Responsible for some of the most elegant and age-worthy wines in the world, Nebbiolo, named for the ubiquitous autumnal fog (called nebbia in Italian), is the star variety of northern Italy’s Piedmont region. Grown throughout the area, as well as in the neighboring Valle d’Aosta and Valtellina, it reaches its highest potential in the Piedmontese villages of Barolo, Barbaresco and Roero. Outside of Italy, growers are still very much in the experimentation stage but some success has been achieved in parts of California. Somm Secret—If you’re new to Nebbiolo, start with a charming, wallet-friendly, early-drinking Langhe Nebbiolo or Nebbiolo d'Alba.

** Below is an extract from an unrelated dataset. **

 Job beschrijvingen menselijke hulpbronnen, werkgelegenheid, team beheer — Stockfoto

The center of the production of the world’s most exclusive and age-worthy red wines made from Nebbiolo, the Barolo wine region includes five core townships: La Morra, Monforte d’Alba, Serralunga d’Alba, Castiglione Falletto and the Barolo village itself, as well as a few outlying villages. The landscape of Barolo, characterized by prominent and castle-topped hills, is full of history and romance centered on the Nebbiolo grape. Its wines, with the signature “tar and roses” aromas, have a deceptively light garnet color but full presence on the palate and plenty of tannins and acidity. In a well-made Barolo wine, one can expect to find complexity and good evolution with notes of, for example, strawberry, cherry, plum, leather, truffle, anise, fresh and dried herbs, tobacco and violets.

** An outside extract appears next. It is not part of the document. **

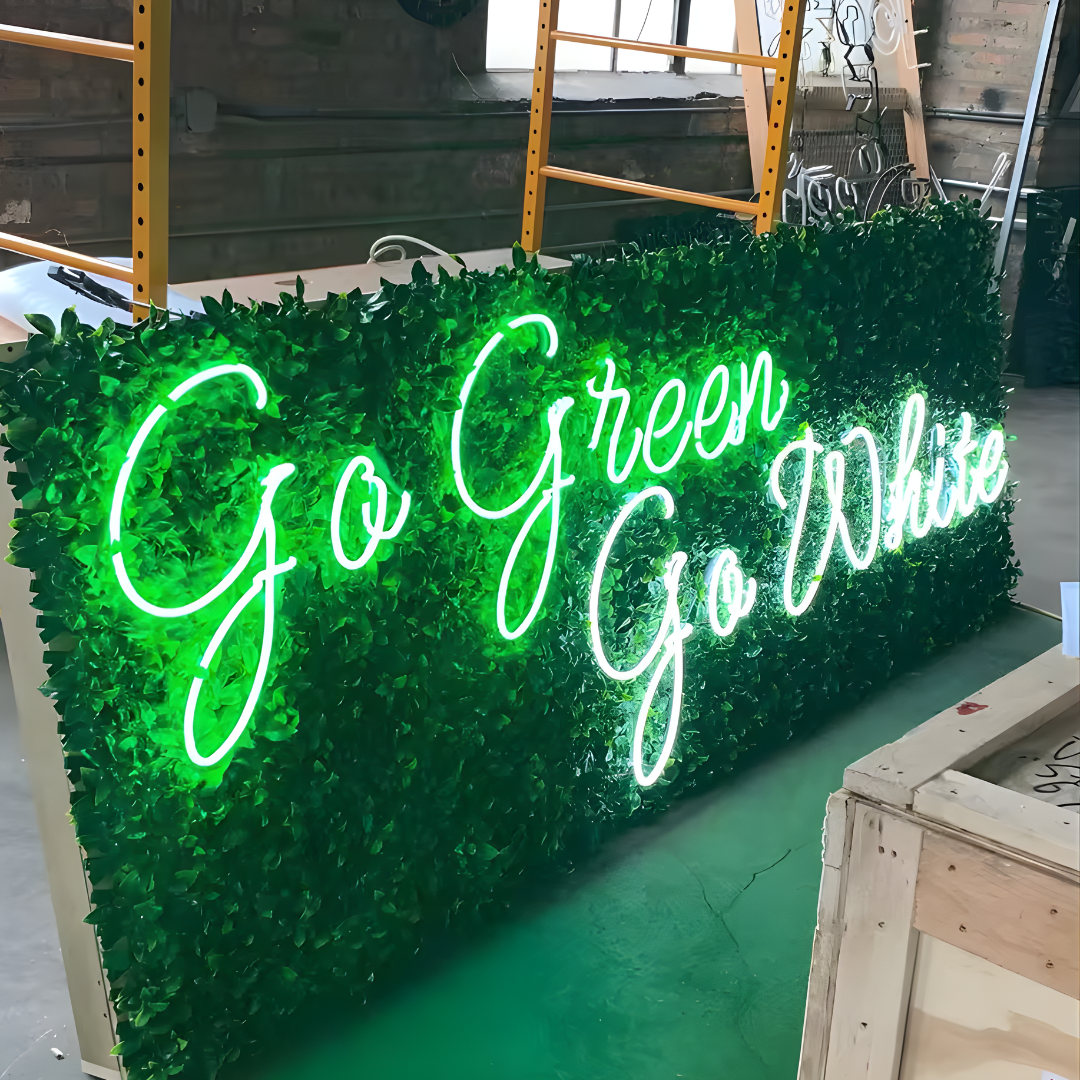 Glass Neon Sign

There are two predominant soil types here, which distinguish Barolo from the lesser surrounding areas. Compact and fertile Tortonian sandy marls define the vineyards farthest west and at higher elevations. Typically the Barolo wines coming from this side, from La Morra and Barolo, can be approachable relatively early on in their evolution and represent the “feminine” side of Barolo, often closer in style to Barbaresco with elegant perfume and fresh fruit.
On the eastern side of the Barolo wine region, Helvetian soils of compressed sandstone and chalks are less fertile, producing wines with intense body, power and structured tannins. This more “masculine” style comes from Monforte d’Alba and Serralunga d’Alba. The township of Castiglione Falletto covers a spine with both soil types.
The best Barolo wines need 10-15 years before they are ready to drink, and can further age for several decades.